The average I_r for mouse chromosomes was 1.773 (Figure 4B), which is significantly larger than that of humans (Wilcoxon test, P = 1.4 × 10^-3). This agrees with the observation that the rodent lineage has experienced a higher rate of retro-transposition than hominoids [9]. Individual mouse chromosomes had I_r values ranging from 0.7 in chromosome 19 to 3.654 in the Y chromosome. As in the human genome, the Y chromosome from mouse was characterized by the largest I_r. In addition, chromosomes 7 and X had I_r values > 3 (Figure 2B).

HOX genes in human and D. melanogaster

The HOX genes encode transcription factors that function as fundamental developmental switches in all animals. In human the four clusters of HOX genes contain very few insertion sequences [8]. To assess the effect of this on the landscape of human I_r values, we carried out a sliding window analysis of 1 Mb around the HOXA cluster on chromosome 7. Figure 5A displays the conspicuous footprint of low I_r values that coincides with the location of the HOXA cluster. In order to make this eye-ball analysis more quantitative, we searched the fragment of chromosome 7 displayed in Figure 5A for runs of I_r ≤ 0 that extended for at least 2 kb. This uncovered 13 intervals ranging in size from 2.1 to 4.1 kb (arrows in Figure 5). Ten of these intervals were located within the HOXA cluster. The remaining three arrows are marked by stars in Figure 5. Two of the corresponding regions with low I_r values intersected with SCAP2, a src family associated phosphoprotein involved in signal transduction leading to T cell activation [27]. The last region of low I_r outside of the HOXA region intersected with EVX1. This is a homologue of the even-skipped homeobox gene originally discovered in D. melanogaster. In vertebrates it is involved in eye development [28]. Human EVX1 is located just 42.73 kb upstream from the most 5' of the HOXA genes, HOXA13 (Figure 5).
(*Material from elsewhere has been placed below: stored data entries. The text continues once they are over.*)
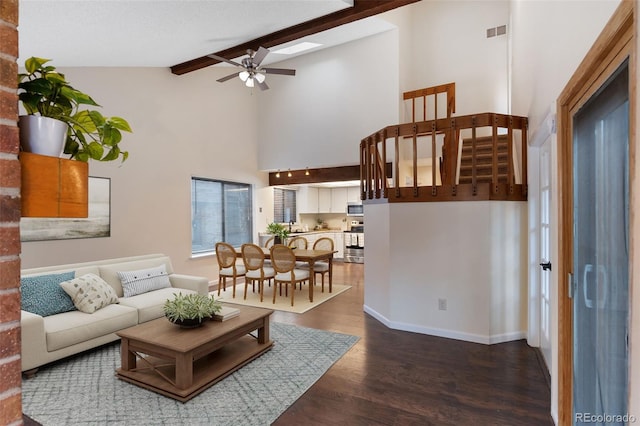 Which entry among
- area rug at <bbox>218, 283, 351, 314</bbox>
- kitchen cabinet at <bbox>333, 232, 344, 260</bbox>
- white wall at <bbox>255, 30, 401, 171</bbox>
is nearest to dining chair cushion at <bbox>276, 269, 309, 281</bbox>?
Answer: area rug at <bbox>218, 283, 351, 314</bbox>

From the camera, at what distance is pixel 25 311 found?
2.99m

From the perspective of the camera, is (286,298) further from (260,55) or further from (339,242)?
(339,242)

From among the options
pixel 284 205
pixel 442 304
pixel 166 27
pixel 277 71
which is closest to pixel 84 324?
pixel 166 27

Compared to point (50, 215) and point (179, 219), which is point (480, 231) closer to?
point (50, 215)

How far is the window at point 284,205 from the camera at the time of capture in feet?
28.8

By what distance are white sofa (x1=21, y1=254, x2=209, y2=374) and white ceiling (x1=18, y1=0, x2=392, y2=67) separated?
2.32 m

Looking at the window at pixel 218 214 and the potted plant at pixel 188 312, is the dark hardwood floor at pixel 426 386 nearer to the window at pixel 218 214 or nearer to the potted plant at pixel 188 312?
the potted plant at pixel 188 312

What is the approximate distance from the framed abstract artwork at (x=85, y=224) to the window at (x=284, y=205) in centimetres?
429

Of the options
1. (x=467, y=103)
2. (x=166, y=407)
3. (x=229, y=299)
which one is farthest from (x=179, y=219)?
(x=467, y=103)

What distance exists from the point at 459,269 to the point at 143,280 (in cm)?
363

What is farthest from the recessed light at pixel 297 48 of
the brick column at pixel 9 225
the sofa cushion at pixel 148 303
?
the brick column at pixel 9 225

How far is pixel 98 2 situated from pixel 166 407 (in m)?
3.26

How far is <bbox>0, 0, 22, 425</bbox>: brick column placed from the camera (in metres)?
0.87

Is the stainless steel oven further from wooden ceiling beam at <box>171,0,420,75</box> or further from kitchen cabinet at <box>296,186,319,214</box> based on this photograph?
wooden ceiling beam at <box>171,0,420,75</box> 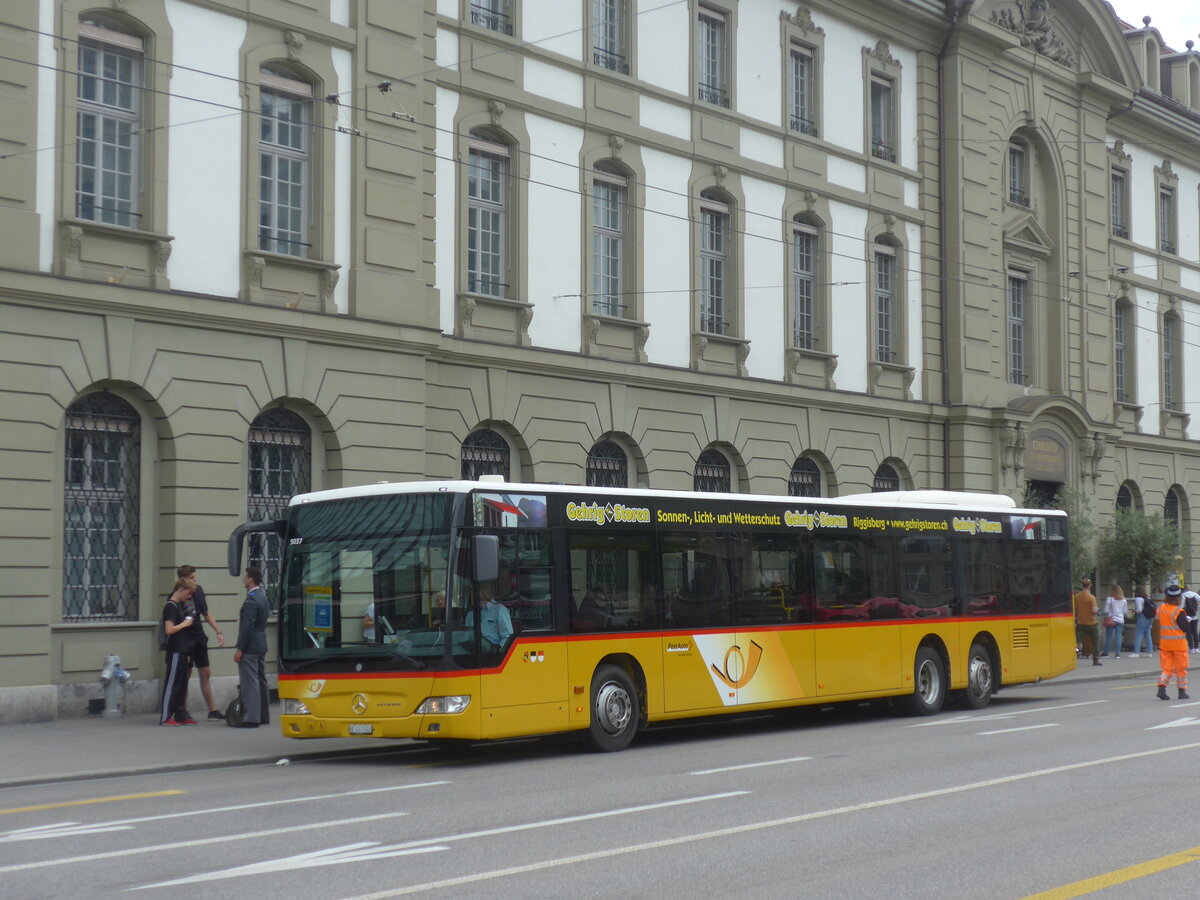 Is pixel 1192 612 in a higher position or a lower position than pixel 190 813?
higher

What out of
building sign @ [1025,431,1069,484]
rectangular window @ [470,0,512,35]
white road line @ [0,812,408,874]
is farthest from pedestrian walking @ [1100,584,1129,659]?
white road line @ [0,812,408,874]

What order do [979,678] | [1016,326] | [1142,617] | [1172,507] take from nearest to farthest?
1. [979,678]
2. [1142,617]
3. [1016,326]
4. [1172,507]

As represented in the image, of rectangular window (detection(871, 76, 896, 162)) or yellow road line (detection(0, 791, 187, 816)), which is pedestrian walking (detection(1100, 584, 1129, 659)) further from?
yellow road line (detection(0, 791, 187, 816))

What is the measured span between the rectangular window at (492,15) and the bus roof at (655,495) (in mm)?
8760

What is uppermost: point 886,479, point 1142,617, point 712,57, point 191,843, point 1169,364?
point 712,57

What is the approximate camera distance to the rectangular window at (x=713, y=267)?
29203mm

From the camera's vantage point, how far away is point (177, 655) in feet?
62.2

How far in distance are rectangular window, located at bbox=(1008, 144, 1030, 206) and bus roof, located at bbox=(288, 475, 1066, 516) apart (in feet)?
48.9

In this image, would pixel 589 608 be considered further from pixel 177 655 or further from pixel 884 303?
pixel 884 303

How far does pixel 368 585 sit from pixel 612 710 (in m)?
2.82

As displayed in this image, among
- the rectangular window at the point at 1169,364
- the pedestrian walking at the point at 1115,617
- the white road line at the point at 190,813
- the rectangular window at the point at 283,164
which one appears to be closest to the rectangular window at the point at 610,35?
the rectangular window at the point at 283,164

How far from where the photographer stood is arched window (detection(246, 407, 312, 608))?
850 inches

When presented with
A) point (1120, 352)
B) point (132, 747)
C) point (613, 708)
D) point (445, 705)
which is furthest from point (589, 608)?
point (1120, 352)

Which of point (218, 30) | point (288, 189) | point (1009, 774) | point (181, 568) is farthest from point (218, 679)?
point (1009, 774)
A sliding window analysis of the antennapedia complex in D. melanogaster, which is homologous to part of the human HOXA cluster, revealed a very different topology of repetitiveness (Figure 5B). On a background of I_r ≈ 0, large peaks marked the presence of long exact repeats and the antennapedia cluster was not characterized by a conspicuous change in I_r values.

Discussion

"At this point we do not know what most of the DNA in eukaryotes is doing" [[29], p. 253]. Today, thirty-five years later, the function of apparently excess DNA in both eukaryotes and prokaryotes remains a topic of intense research activity [3]. Our method to quantify this excess DNA, the index of repetitiveness, is close in spirit to the investigation of linguistic complexity based on suffix trees [25]. Linguistic complexity is maximized in random sequences with equiprobable residues. Deviations from equiprobability lead to a reduction in complexity even if the sequence remains completely random. In contrast, in this paper we were interested in quantifying repetitiveness with respect to genome composition and to make this measure comparable across genomes. Our starting point was an investigation of the complement of repeats, the unique sequences. These are trivially easy to find, for example a sequence is always unique with respect to itself, and for this reason we have concentrated on shortest unique substrings. A shortest unique substring occurs only once in its parent string and cannot be reduced in length without losing its uniqueness. A genome with many long repeats contains many excessively long shortest unique substrings, while its shuffled version contains only the shortest unique substrings expected to be there by chance alone (cf. Methods). Since we have derived the latter quantity analytically [30], the I_r is constructed as the logarithm of the ratio between the observed and expected aggregate number of nucleotides found in shortest unique substrings. At the cost of ignoring homology relationships, this measure has the advantage that it can be computed for any double-stranded DNA sequence and its expectation is always zero. It is also possible to estimate an I_r value for sequences over alphabets other than the four nucleotides. In this case the quantity A_e defined in Equation (2) can be estimated by shuffling the input sequence. For example, the I_r of this paper is approximately 0.7.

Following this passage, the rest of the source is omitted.